I strongly suspect that one of the overlooked causes of the shift was Y2K mania. The denominations' deeply ingrained tendency toward millennialism lined up too perfectly with the popular fascination and anxiety over a possible mass failure of computers and automated systems, something that even mainstream media often described in apocalyptic terms. For those inclined to believe, it very much felt like the nightly news and the cover of Time magazine were laying the groundwork for the Book of Revelations. The overlap between Southern Baptists and preppers grew quite noticeable. I remember seeing a sign in a Bible store window advertising water purification tablets.
With the notable
exception of a very good front page story in the Wall Street Journal,
all of this passed unnoticed by the national press, but having
arguably the country's most influential religious group go through an
actual when prophecy fails experience is probably something we should
pay more attention to. The non-apocalypse described in this account by Emily Harnett preceded the Y2K bug
by a decade, but it's still instructive as well as being a fascinating read.
In 2021, General Michael Flynn, the Christian nationalist and former national security adviser to Donald Trump, gave an address at a nondenominational church in Nebraska that internet sleuths suspected had been plagiarized from one of Elizabeth’s “dictations,” as her dispatches from the Masters were known. One helpful YouTuber spliced together footage of the two for comparison. Both propose a religious call to arms and entreat the “freeborn” to resist becoming “enslaved by any foe,” while making confusing allusions to “sevenfold rays” and “legions.” But Flynn recited this prophetic word salad with the delivery of one’s least-favorite uncle plodding through an ill-prepared wedding toast. Elizabeth—with her precise elocution, her terrifying and obvious sincerity—sounded like a woman on the brink of a great cosmic battle.
QAnon conspiracy theorists, who quickly noted that some of Flynn’s language wasn’t exactly biblical in origin, believed the “occult prayer” exposed Flynn as a satanist. But if the incident reveals anything besides the mutinous humor of Flynn’s ghostwriter, it’s the degree to which millenarian rhetoric has saturated American public life.
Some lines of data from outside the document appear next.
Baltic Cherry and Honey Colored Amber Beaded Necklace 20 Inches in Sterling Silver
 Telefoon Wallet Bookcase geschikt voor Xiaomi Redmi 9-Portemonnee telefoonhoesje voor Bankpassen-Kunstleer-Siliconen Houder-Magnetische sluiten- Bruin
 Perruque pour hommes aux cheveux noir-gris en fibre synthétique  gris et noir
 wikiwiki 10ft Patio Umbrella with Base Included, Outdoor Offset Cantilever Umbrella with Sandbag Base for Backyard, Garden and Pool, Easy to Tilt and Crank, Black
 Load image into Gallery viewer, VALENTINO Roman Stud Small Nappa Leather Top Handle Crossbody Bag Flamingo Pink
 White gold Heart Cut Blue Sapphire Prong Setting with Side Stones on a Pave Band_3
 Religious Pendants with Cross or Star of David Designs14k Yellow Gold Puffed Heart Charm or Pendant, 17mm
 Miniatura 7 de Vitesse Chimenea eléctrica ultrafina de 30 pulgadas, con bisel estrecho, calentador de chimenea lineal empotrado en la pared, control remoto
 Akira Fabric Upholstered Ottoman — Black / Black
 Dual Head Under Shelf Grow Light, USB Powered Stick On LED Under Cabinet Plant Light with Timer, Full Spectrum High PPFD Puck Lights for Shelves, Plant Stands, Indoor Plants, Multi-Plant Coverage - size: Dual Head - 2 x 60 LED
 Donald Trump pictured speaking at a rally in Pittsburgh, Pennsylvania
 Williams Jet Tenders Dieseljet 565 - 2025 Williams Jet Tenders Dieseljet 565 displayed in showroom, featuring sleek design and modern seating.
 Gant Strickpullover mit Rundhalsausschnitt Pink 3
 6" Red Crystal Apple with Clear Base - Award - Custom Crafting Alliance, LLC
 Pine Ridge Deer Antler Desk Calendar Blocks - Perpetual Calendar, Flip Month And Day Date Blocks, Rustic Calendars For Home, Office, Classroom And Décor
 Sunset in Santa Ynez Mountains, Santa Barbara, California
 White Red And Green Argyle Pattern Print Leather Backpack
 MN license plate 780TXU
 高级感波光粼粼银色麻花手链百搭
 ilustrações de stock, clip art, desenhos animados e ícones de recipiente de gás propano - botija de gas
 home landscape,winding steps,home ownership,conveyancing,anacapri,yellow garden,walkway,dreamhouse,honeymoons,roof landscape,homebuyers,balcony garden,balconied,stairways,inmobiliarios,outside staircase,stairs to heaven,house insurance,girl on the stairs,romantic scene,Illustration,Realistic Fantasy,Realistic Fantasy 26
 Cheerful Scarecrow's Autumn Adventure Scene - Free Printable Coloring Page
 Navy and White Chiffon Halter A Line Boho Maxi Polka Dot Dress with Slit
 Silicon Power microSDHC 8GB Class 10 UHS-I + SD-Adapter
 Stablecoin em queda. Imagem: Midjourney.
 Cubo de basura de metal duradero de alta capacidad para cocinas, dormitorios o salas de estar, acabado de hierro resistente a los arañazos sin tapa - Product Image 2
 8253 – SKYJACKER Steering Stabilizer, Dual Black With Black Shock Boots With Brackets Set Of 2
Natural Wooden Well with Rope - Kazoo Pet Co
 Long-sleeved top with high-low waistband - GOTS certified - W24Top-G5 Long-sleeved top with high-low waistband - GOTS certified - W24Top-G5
In 1960, the sociologist Daniel Bell predicted “an end to chiliastic hopes, to millenarianism, to apocalyptic thinking—and to ideology.” But as the historian Paul Boyer has noted, after the great revolutionary movements of the Sixties waned in America, much the opposite came to pass. Prophetic belief—whose adherents, in Boyer’s description, “take very seriously the Bible’s apocalyptic sections and derive from them a detailed agenda of coming events”—exploded in popularity during the Seventies and Eighties. Such beliefs have shaped not only American religiosity but our understanding of the human psyche itself.
In the Fifties, the psychologist Leon Festinger coined the Psych 101 term cognitive dissonance, based in part on research he’d done for the book When Prophecy Fails, which described the mental state of a Fifties UFO cult after its leader’s apocalyptic predictions went unrealized. There have been so many of these groups, flourishing and flaming out in endless cycles, trading places in a Beckettian limbo wherein divine reckoning approaches but never arrives. They have furnished streaming services with an endless supply of podcasts and documentaries rehearsing the history of America’s ill-fated apocalyptic sects and outsider religions. But whenever I try to place Elizabeth in this tradition, I come up short. She would be easier to categorize had she been more like Jim Jones, to whom she was often compared, or Charles Manson, whose Family had allegedly sent her death threats. But while her church was armed to the hilt, they never killed anyone; although Elizabeth could be mercurial and vindictive, she was a beloved mother of five. Were it not for her prophecies of nuclear Armageddon, it’s possible that the church would have remained one of the many fledgling religions eking out its existence far from the center of American life. Perhaps the one thing Elizabeth had in common with the believers of those other faiths was that she, like so many Americans before her, could imagine no greater spiritual fulfillment for herself or the nation than an extinction event.